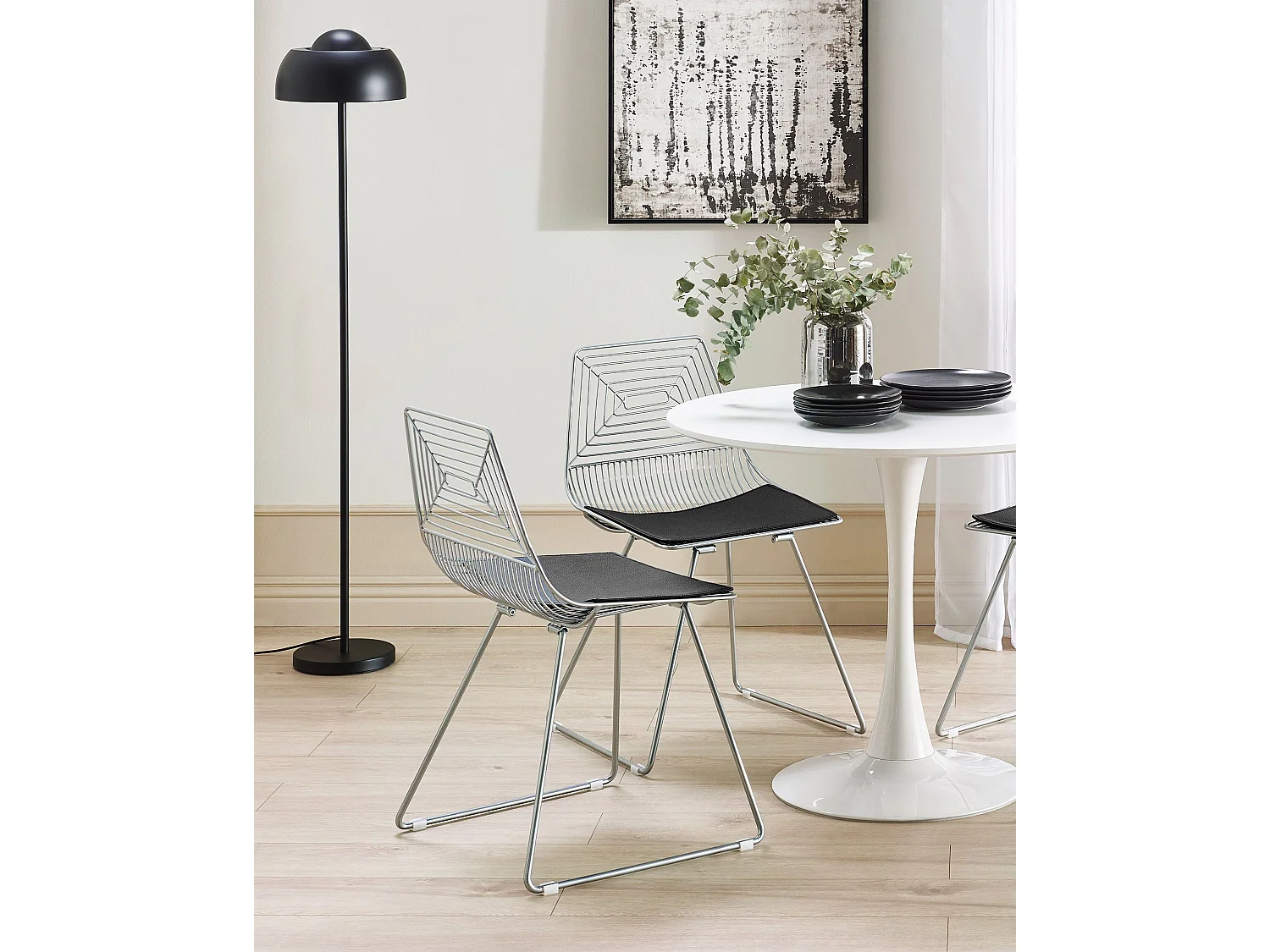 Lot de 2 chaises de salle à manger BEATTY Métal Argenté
_ _ _ _
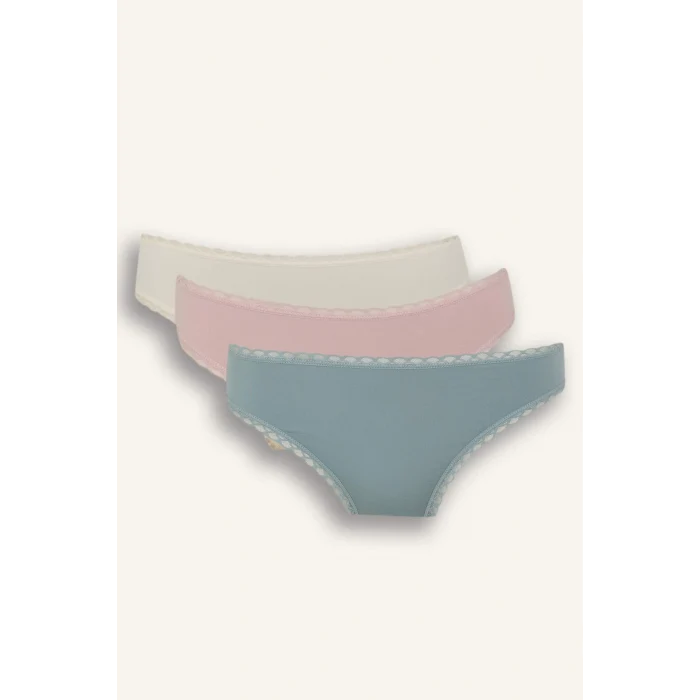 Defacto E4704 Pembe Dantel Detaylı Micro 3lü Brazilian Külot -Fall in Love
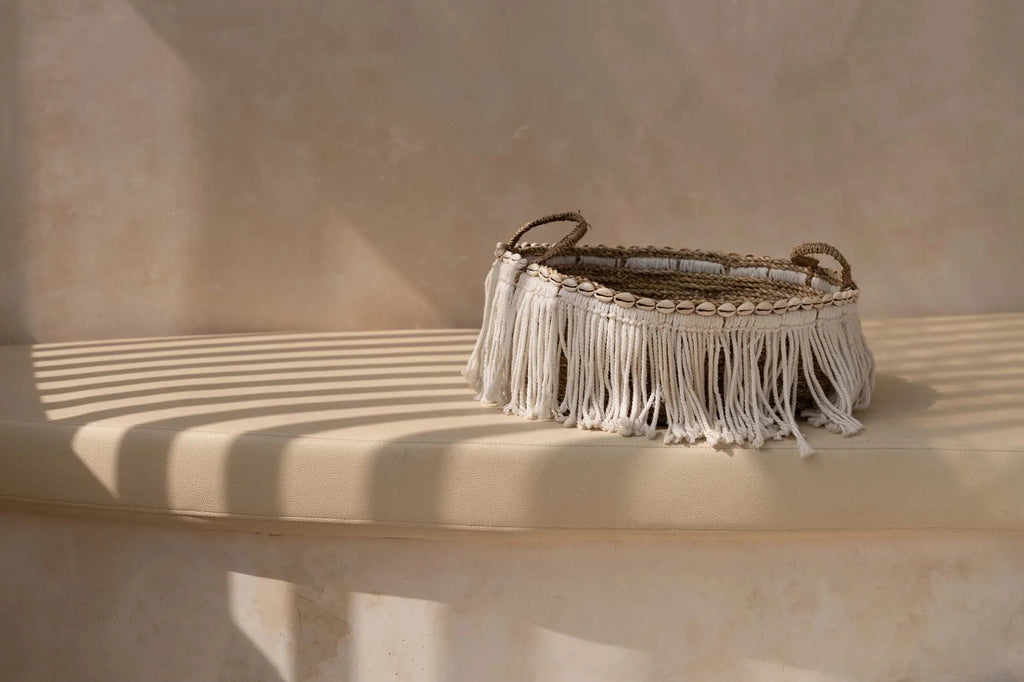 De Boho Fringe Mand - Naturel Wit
_ _ _ _
What belongs in the answer is each line above from the line with "Defacto E4704 Pembe" to the line with "De Boho Fringe Mand - Naturel Wit", inclusive, reproduced exactly and free of pictures.

• _Solution below_
 Defacto E4704 Pembe Dantel Detaylı Micro 3lü Brazilian Külot -Fall in Love
 De Boho Fringe Mand - Naturel Wit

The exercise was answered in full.